Data provided:
== Segment start ==

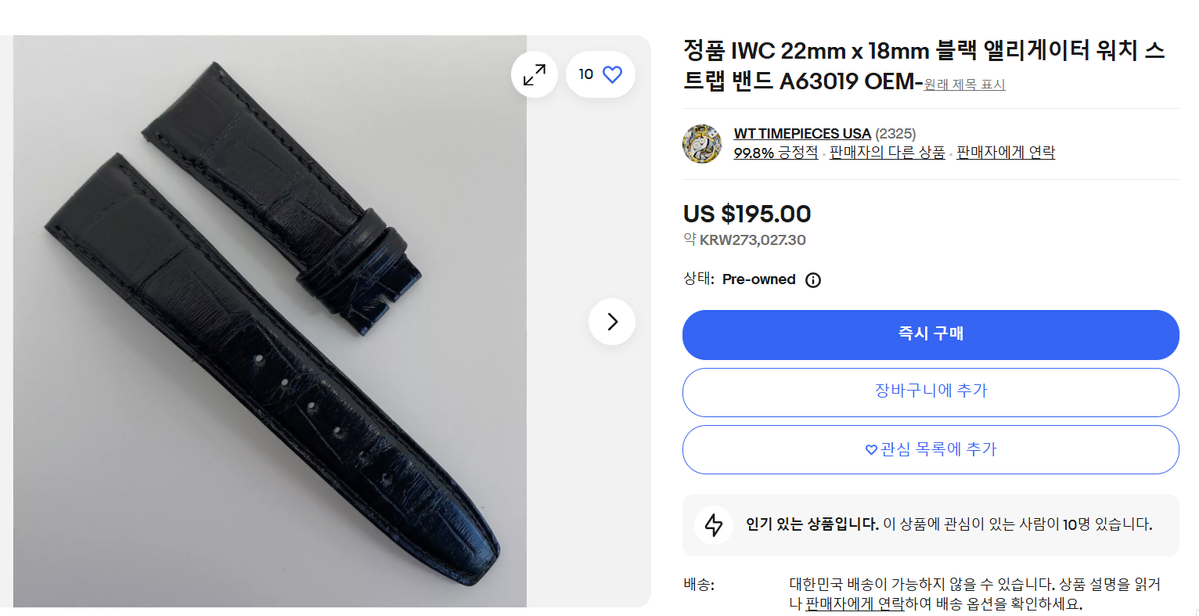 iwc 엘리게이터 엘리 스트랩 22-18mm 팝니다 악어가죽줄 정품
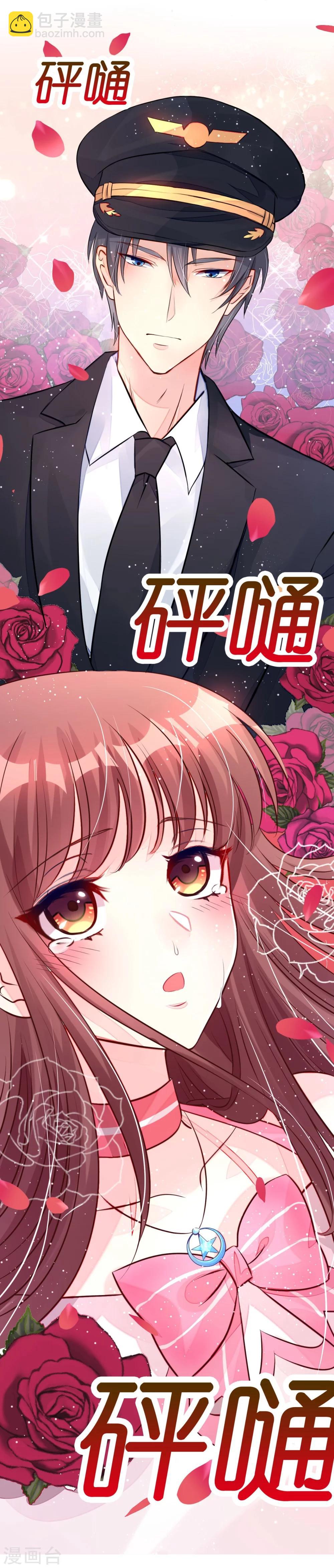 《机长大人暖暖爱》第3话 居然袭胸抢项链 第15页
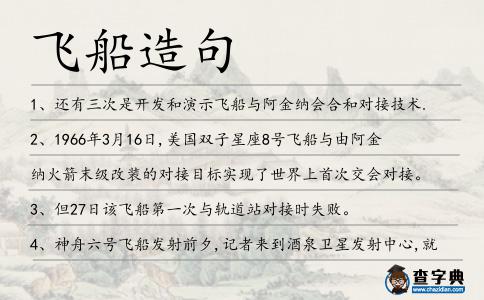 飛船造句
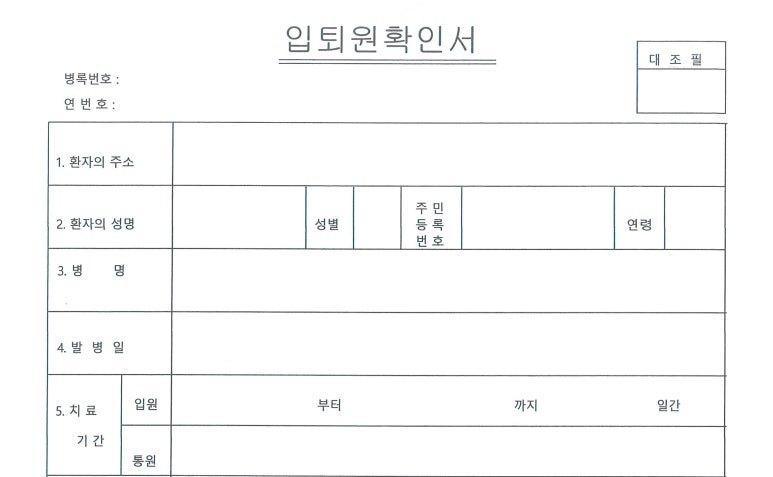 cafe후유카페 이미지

== Segment end ==

Work instructions:
The task requires that every line above be transcribed exactly, without the images.

Solution:
 iwc 엘리게이터 엘리 스트랩 22-18mm 팝니다 악어가죽줄 정품
 《机长大人暖暖爱》第3话 居然袭胸抢项链 第15页
 飛船造句
 cafe후유카페 이미지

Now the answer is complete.